- _EXERCISE INSTRUCTIONS_
Would you return exactly the lines below from the line with "Exclusif - Ronaldinho" through the line with "MINI Hatchback 2019", both included, and nothing else, leaving out the pictures?

- _SUPPLIED RECORDS_
____
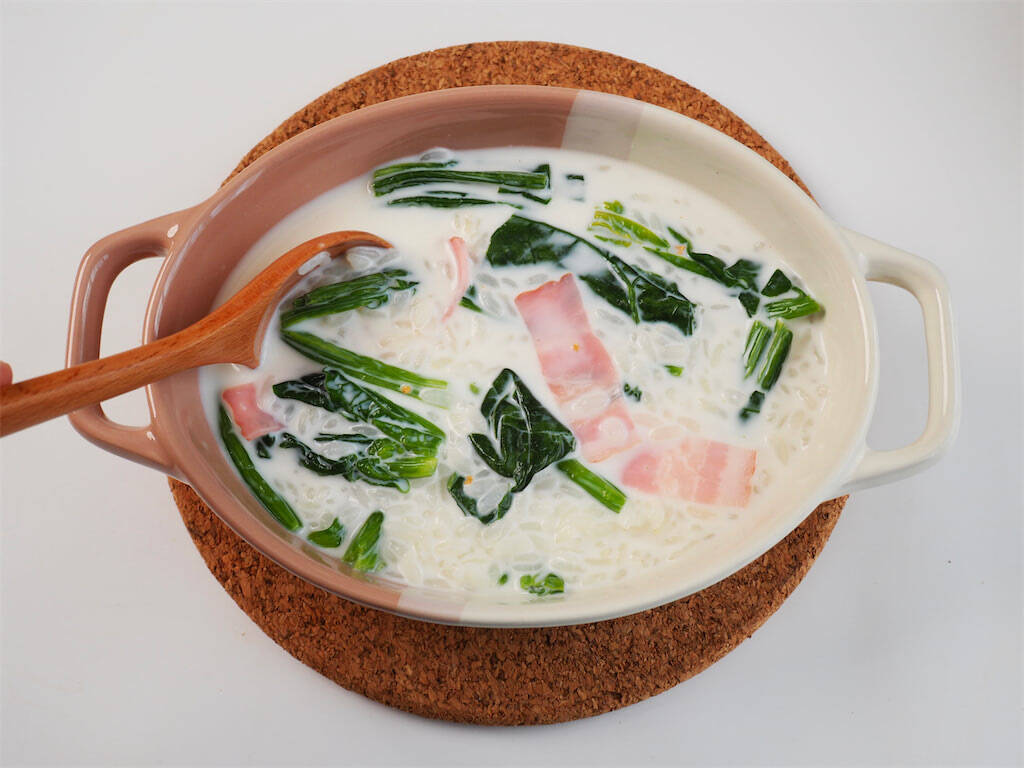 【レンチン5分でドリア風】オーブン不要の「とろけるチーズ雑炊」作ってみた！「骨活」できちゃう牛乳ベース♪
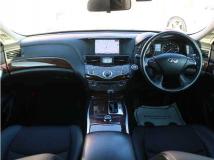 2016 Nissan Fuga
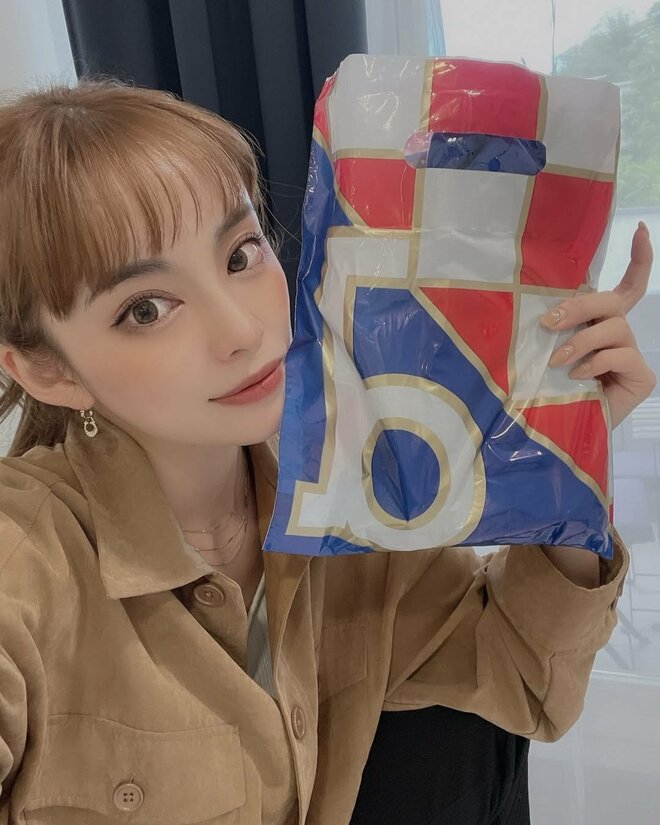 「心の整理全く追いついてません!虚無やばい!」噂の美人すぎるW杯サポーター、レアル退団のモドリッチへの愛爆発!思い出ショット大量公開「むりモドリッチシーサーやばい」の画像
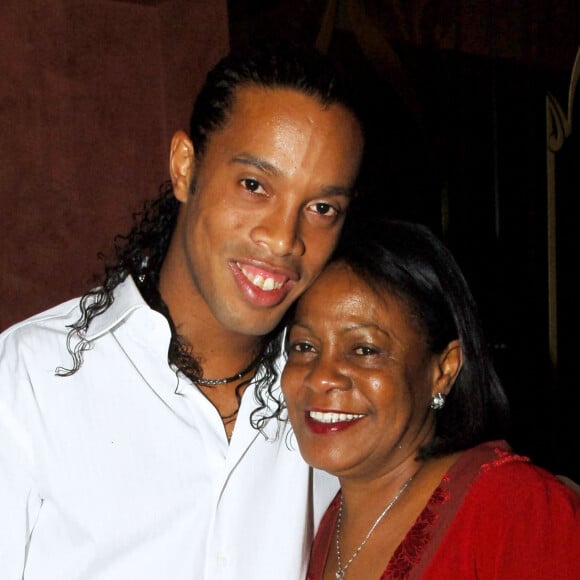 Exclusif - Ronaldinho et sa mère Miguelina à Paris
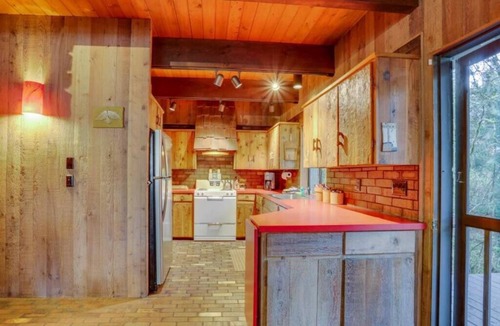 Zigzag House | Relax on the Zig Zag River!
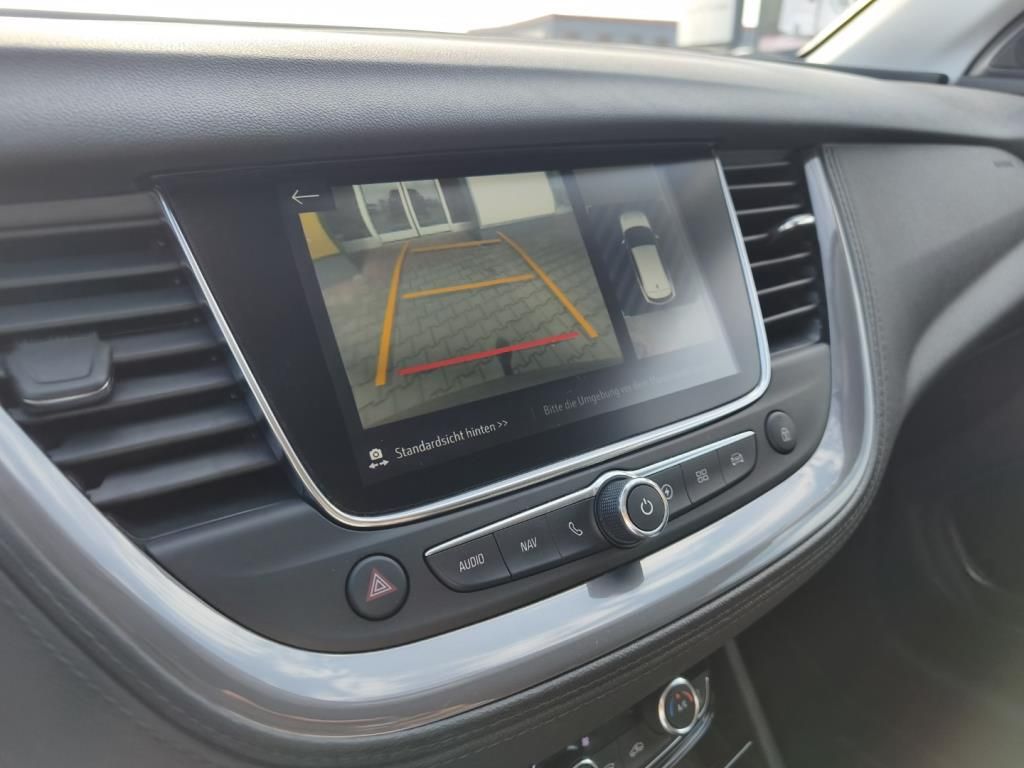 Autohaus Zimpel & Franke - Opel Grandland X Ultimate 4x4 Plug-In Hybrid Automati - Bild 13 Autohaus Zimpel & Franke - Opel Grandland X Ultimate 4x4 Plug-In Hybrid Automati - Bild 13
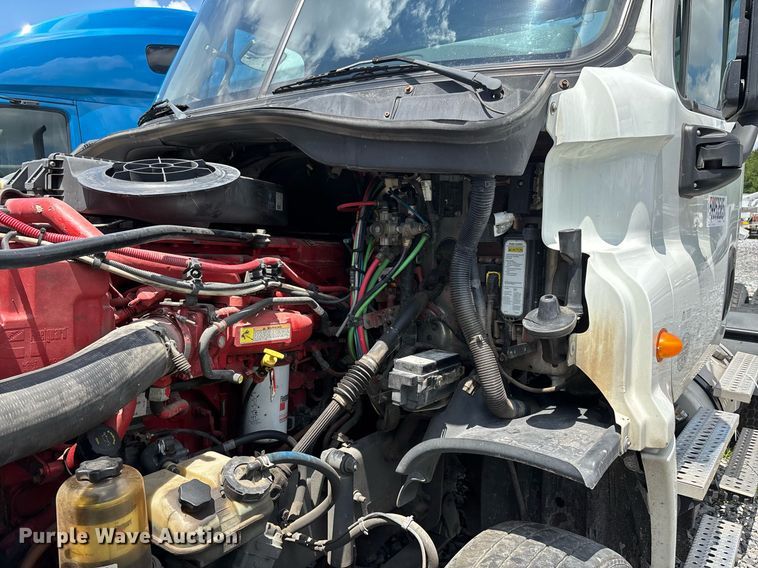 image for item YA0631 2014 Freightliner Cascadia 125 semi truck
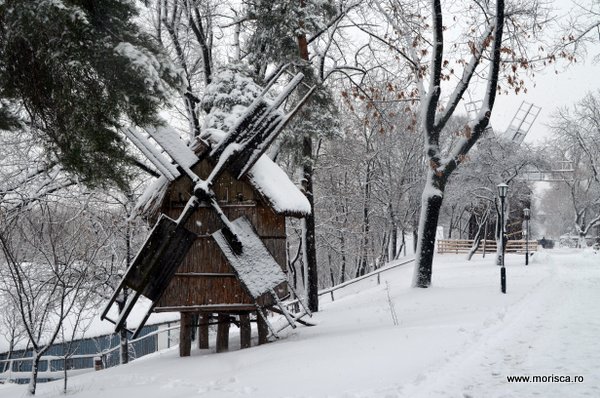 Zapada iarna la Muzeul National al Satului Dimitrie Gusti din Bucuresti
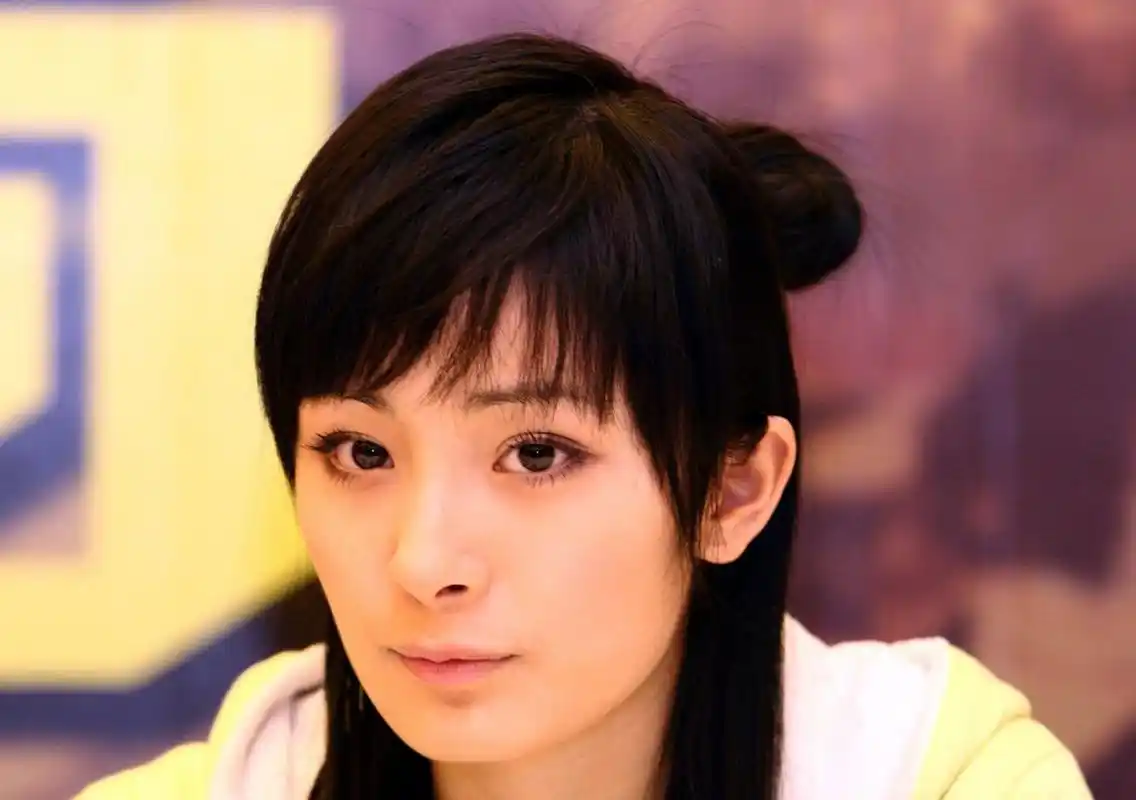 "嫩牛五方"是杨幂以前的外号吗?高清相机下很多缺点都会被放大!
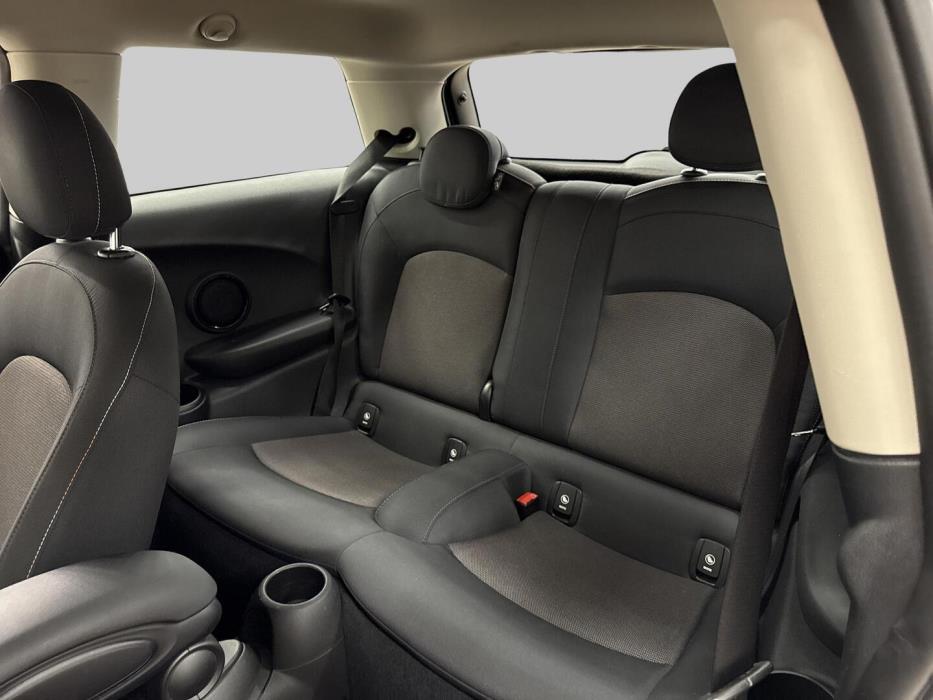 MINI Hatchback 2019
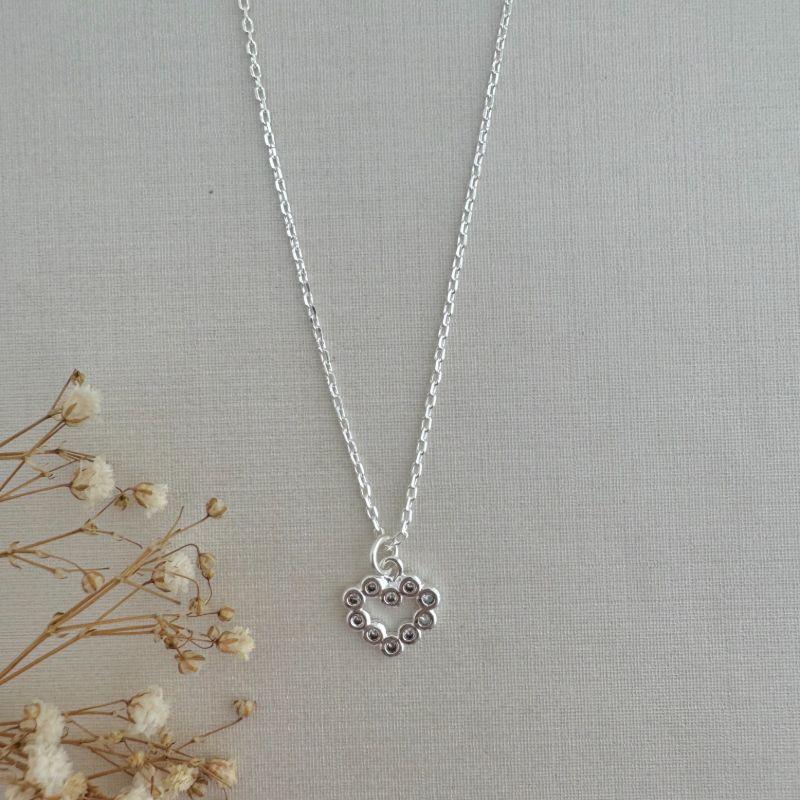 09.2274.1.S - (45) COlar de elos ovais com pingente de silhueta coração em inlges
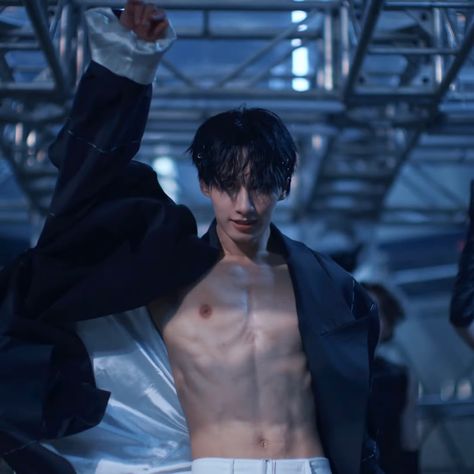 jun seventeen psycho mv lq icon Svt Jun, 남성 근육, Jun Jun, Jun Icon, Jun Seventeen, Seventeen Junhui, Men Abs, Wen Junhui, Seventeen Going Seventeen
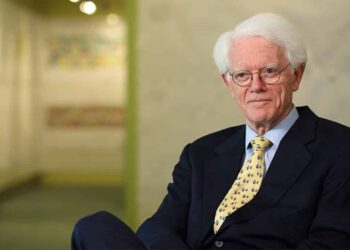 Peter Lynch | FintechZoom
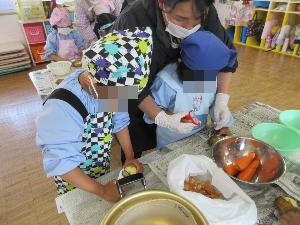カレー作り　野菜の皮むき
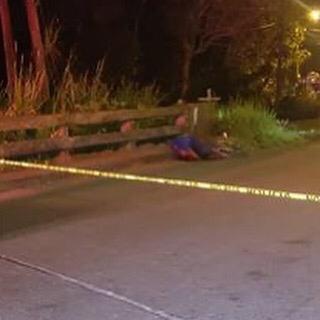 Al lugar del hecho de sangre llegó la Policía Nacional, quien acordonó el área para que el personal de criminalística, hicieran la recolección de evidencias. Foto/Diomedes Sánchez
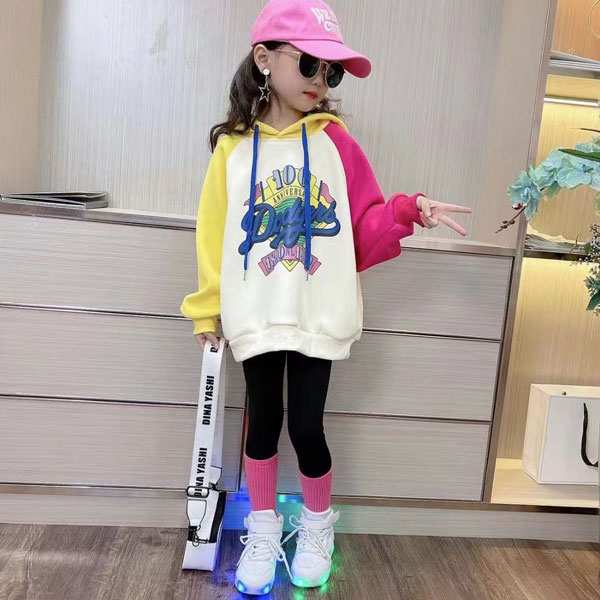 【伊美】女童新款卡通拼色春秋卫衣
____
- _OUTPUT FOR THIS TASK_
 Exclusif - Ronaldinho et sa mère Miguelina à Paris
 Zigzag House | Relax on the Zig Zag River!
 Autohaus Zimpel & Franke - Opel Grandland X Ultimate 4x4 Plug-In Hybrid Automati - Bild 13 Autohaus Zimpel & Franke - Opel Grandland X Ultimate 4x4 Plug-In Hybrid Automati - Bild 13
 image for item YA0631 2014 Freightliner Cascadia 125 semi truck
 Zapada iarna la Muzeul National al Satului Dimitrie Gusti din Bucuresti
 "嫩牛五方"是杨幂以前的外号吗?高清相机下很多缺点都会被放大!
 MINI Hatchback 2019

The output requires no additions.